This week we’re looking at accounting and tax tips for lawyers. It’s one of those things that’s not fun, but it’s gotta get done. Hopefully some of our tips can make your life a bit easier.
Accounting and Taxes for Lawyers
via Lawyerist by Steven Chung
Curious whether you can deduct it? This article goes over the requirements for deductions – “ordinary and necessary” – as well as common deductions. The two big deductions for solos mentioned are expenses for meals and home office expenses to deduct part of the expenses related to your home. Favorite action point: Deduct part of your home. What percentage of your home is being used for office space? You can not only deduct part of your mortgage/rent, you can also deduct things like utilities as a business expense.
via Forbes by Kirk Simpson
A solid, concise list of tips from Forbes that shows staying on top of accounting in a small business is simpler than it might seem. Favorite Action Point: Set aside time to review your finances each week. This can give you a strategic edge on where you might be able to cut costs in one area, or make a sound investment in another.
via Vimeo by Clio / Kahuna Accounting
This video discusses optimizing the accounting system your practice uses. Overall, it’s a bit lengthy but worth checking out as there are a bunch of excellent points on how lawyers can become more efficient business managers. Favorite Action Point: Use specialized tools to do specific functions rather than one clunky system trying to do it all. Bonus points if they can integrate with each other. Thankfully, now many major cloud-based service providers can work with other providers.
via About Law by William Pfeifer
Trust accounting issues are some of the most common and serious ethical issues facing lawyers. And, these issues can be easily avoided if you know what you’re doing. If you deal with trust accounts, mismanagement can have disastrous consequences. Unfortunately, law school doesn’t address this in much detail as it should. Favorite Action Point: Keep client funds completely separate from your personal/business accounts. Ensure client-level cash flows are meticulously recorded before it’s too late. Additionally, be aware of which fees you are entitled to immediately and which must be held in trust (e.g. Filing Fee).
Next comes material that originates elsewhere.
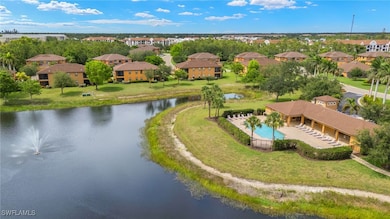 Aerial view of residential area with a large body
Traditional desktop accounting software has its limits. It’s not easy to share data. Every year there’s a required upgrade. You have to often be at the 1 computer that has access to your books to review them. With cloud accounting, all of these problems are gone. Favorite action point: Use online / cloud-based accounting because it will get you paid faster. Typically people take 41 days to get paid for invoices. Xero did a study and found that their clients’ invoices were paid on average 12 days faster.